Directions for this task
An identical copy of the data below is needed.

Exercise data Start Marker

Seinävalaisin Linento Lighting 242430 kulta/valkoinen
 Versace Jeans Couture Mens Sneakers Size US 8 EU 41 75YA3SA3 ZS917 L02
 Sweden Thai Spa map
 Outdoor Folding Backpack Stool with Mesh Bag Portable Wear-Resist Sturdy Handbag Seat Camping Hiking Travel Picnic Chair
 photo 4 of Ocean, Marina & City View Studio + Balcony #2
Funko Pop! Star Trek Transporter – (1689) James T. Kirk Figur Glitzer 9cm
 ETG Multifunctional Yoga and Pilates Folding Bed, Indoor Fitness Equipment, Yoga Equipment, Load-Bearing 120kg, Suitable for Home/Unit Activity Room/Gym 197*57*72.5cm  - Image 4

Exercise data End Marker

Response below
Seinävalaisin Linento Lighting 242430 kulta/valkoinen
 Versace Jeans Couture Mens Sneakers Size US 8 EU 41 75YA3SA3 ZS917 L02
 Sweden Thai Spa map
 Outdoor Folding Backpack Stool with Mesh Bag Portable Wear-Resist Sturdy Handbag Seat Camping Hiking Travel Picnic Chair
 photo 4 of Ocean, Marina & City View Studio + Balcony #2
Funko Pop! Star Trek Transporter – (1689) James T. Kirk Figur Glitzer 9cm
 ETG Multifunctional Yoga and Pilates Folding Bed, Indoor Fitness Equipment, Yoga Equipment, Load-Bearing 120kg, Suitable for Home/Unit Activity Room/Gym 197*57*72.5cm  - Image 4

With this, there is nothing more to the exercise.